Elvevåg B, Weickert T, Wechsler M, Coppola R, Weinberger D R, Goldberg T E
Clinical Brain Disorders Branch, National Institute of Mental Health/National Institutes of Health, Room 4S235, MSC 1379, Building 10, Bethesda, MD 20892, USA.
Schizophr Res. 2002 Jan 15;53(3):187-98. doi: 10.1016/s0920-9964(01)00202-x.
Organizing information and knowledge, and hence categorization, requires specifying boundaries between items, concepts and words. Over-inclusiveness in categorization may be seen as looseness of association; over-inclusive thinking was an early description of schizophrenic thinking. Recent studies suggest semantic memory problems in schizophrenia, and that thought disorder is associated with a disorganized semantic network. One such study [Psychol. Med. 24 (1994) 193], using a word categorization task, found patients slowest to respond to items semantically related to, but outside the category, whereas controls were slower responding to items sharing less features of the category (i.e. borderline). The authors suggested that there is an outward shift of semantic category boundaries in schizophrenia. In Experiment 1, we replicated methods, but did not find this qualitative difference in patients (28 patients, 26 controls). We extended this question in Experiment 2 to a more visual domain using pictures that 'morphed' from one entity into another and asked participants to decide when they no longer considered an item to be that item (20 patients, 25 controls). We did not find a difference between patients and controls in their sensitivity to detect boundaries of representations. These two experiments do not support the notion that thought disorder with postulated looseness of association or over-inclusive thinking is related to reduced awareness of boundaries of semantic category membership or entities, and inferentially their featural network. Despite anomalies in the semantic system in schizophrenia, we found aspects to be intact. This specificity of semantic processing is promising, suggesting that research will be informative as to how semantic memory is constructed, and thus how it can selectively break down. Moreover, this study indicates that patients do not 'fail' semantic tasks (e.g. priming) because of globally disorganized decision-making: here their capability to make precise distinctions between representations was intact.

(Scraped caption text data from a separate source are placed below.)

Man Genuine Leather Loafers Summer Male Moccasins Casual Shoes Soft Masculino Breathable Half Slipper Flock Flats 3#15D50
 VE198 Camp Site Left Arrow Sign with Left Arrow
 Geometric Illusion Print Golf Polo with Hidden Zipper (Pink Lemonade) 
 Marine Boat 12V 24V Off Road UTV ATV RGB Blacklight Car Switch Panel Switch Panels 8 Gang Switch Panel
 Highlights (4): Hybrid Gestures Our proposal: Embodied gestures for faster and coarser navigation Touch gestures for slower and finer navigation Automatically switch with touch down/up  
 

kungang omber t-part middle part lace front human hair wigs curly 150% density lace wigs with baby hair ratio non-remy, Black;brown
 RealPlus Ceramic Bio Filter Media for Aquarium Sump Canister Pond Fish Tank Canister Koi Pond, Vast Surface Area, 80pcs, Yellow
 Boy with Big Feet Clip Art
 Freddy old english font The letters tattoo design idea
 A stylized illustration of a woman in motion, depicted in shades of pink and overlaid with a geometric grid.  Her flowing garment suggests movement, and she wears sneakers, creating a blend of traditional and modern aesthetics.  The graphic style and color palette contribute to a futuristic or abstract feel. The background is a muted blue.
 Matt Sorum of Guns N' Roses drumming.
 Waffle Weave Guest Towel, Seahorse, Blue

组织信息和知识,进而进行分类,需要明确项目、概念和词语之间的界限。分类中的过度包容性可能被视为联想的松散;过度包容性思维是对精神分裂症思维的早期描述。最近的研究表明精神分裂症存在语义记忆问题,且思维障碍与语义网络紊乱有关。一项此类研究[《心理医学》24 (1994) 193]使用词语分类任务,发现患者对语义相关但不属于该类别的项目反应最慢,而对照组对共享该类别较少特征的项目(即临界项目)反应较慢。作者认为精神分裂症中语义类别界限存在向外偏移。在实验1中,我们重复了方法,但未在患者(28名患者,26名对照)中发现这种质性差异。在实验2中,我们将这个问题扩展到更具视觉性的领域,使用从一个实体“变形”为另一个实体的图片,并要求参与者决定他们何时不再认为一个项目是那个项目(20名患者,25名对照)。我们未发现患者和对照组在检测表征边界的敏感度上存在差异。这两个实验不支持这样的观点,即假定的联想松散或过度包容性思维导致的思维障碍与语义类别成员或实体边界意识降低以及由此推断的其特征网络有关。尽管精神分裂症的语义系统存在异常,但我们发现有些方面是完整的。这种语义处理的特异性很有前景,表明关于语义记忆如何构建以及如何选择性分解的研究将具有启发性。此外,这项研究表明患者并非因为整体决策紊乱而“无法完成”语义任务(例如启动效应):在这里他们在表征之间进行精确区分的能力是完整的。